Baseado nessa classificação, Bento (1987) propõe que na escola a prática do jogo desportivo, respeitando os princípios que regem o desenvolvimento da personalidade do aluno, deveria atingir a segunda fase, considerando, um trabalho de alta qualidade, aquele que, proporcione aos alunos a obtenção desse nível. Indica, também, que a terceira fase, a da automação seria objeto específico de outro segmento social, ou seja, a sociedade desportiva.
Mechling apud Martin (1991) informa que o jogo desportivo é constituído por movimentos acíclicos e as habilidades motoras desportivas são abertas, pois são utilizadas de acordo com a situação do jogo e, portanto, serão, sempre, aperfeiçoadas e motivarão escolhas adaptadas ao momento da competição. Por esse motivo, o aluno deverá, sempre, construir novas soluções e construção do conhecimento é por excelência objeto da escola.
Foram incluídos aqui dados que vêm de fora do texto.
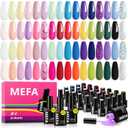 MEFA 35 Pcs Neon Gel Nail Polish Set, 32 Colors Summer Bright Gel Polish Set with Matte/Glossy Base Top Coat Pink Collection Nail Art Manicure DIY Salon Home Decoration Beginners Gifts for Women (Soft Summer Serenade)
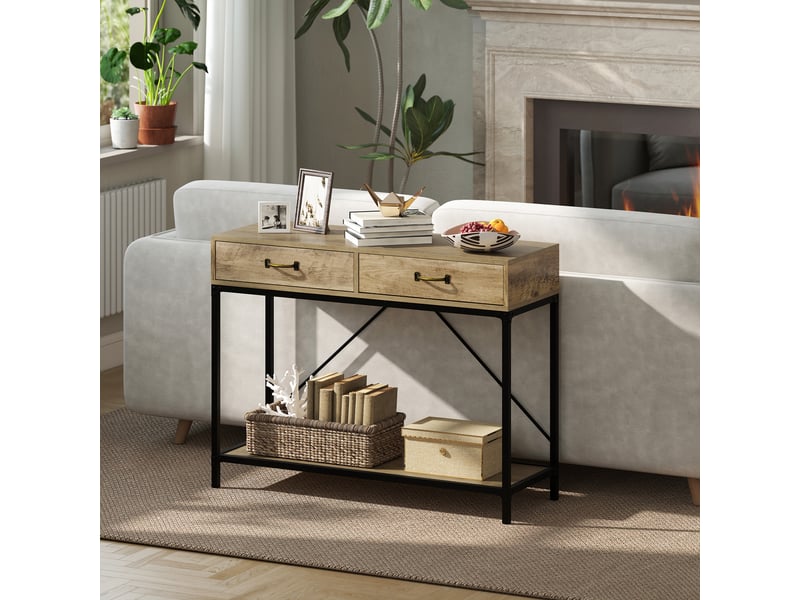 Table console table d'appoint d'entrée industriel dim. 100l x 35l x 76h cm avec 2 tiroirs et 1 plateau aspect bois  - Conforama E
Esse desenvolvimento sensório-motor deve ser respaldado pela psicologia social de modo a ser utilizado como instrumento do desenvolvimento da personalidade do aluno. Essa interdisciplinaridade, seguramente, transformará o jogo desportivo em motivo de atração para o aluno aderir a pratica de atividade física, a qual, tem importância, fundamental, na saúde física e emocional do ser humano.
Deste modo e pelo exposto acima, entendemos que, salvaguardando o respeito às fases de desenvolvimento ontogênico e utilizando o jogo desportivo para o desenvolvimento da personalidade do ser humano, essa atividade deva ocupar um lugar privilegiado nas atividades da educação física escolar e, portanto, dentro das atividades da escola.
Na escola poderia ser assim
A aula de educação física escolar, assim como o processo educacional na sua totalidade, deve ser campo de reflexão sobre a sociedade na qual o aluno está inserido, estimulando-o, a pensar sobre si mesmo e as suas relações com os outros como pessoa humana, à sua participação comunitária na organização de uma sociedade justa e democrática e desenvolver a consciência de que a sua história é projetável e, que ele deve ser protagonista na concepção dela.
Em nosso entender, o professor ao utilizar o jogo desportivo na escola, deverá fazê-lo como atividade correlata ao desporto-modelo, modelando-o ao desenvolvimento biopsícossocial do aluno, tanto no que concerne ao modo de empregar as habilidades motoras desportivas, aos materiais utilizados, bem como a discussão das regras (leis) que regerão a atividade. Evitando que as regras sejam a origem do rendimento elevado para a prática do jogo o que, seguramente, prejudicará a ludicidade da atividade, motivo importante na promoção da aderência à atividade e por conseguinte aos exercícios físicos.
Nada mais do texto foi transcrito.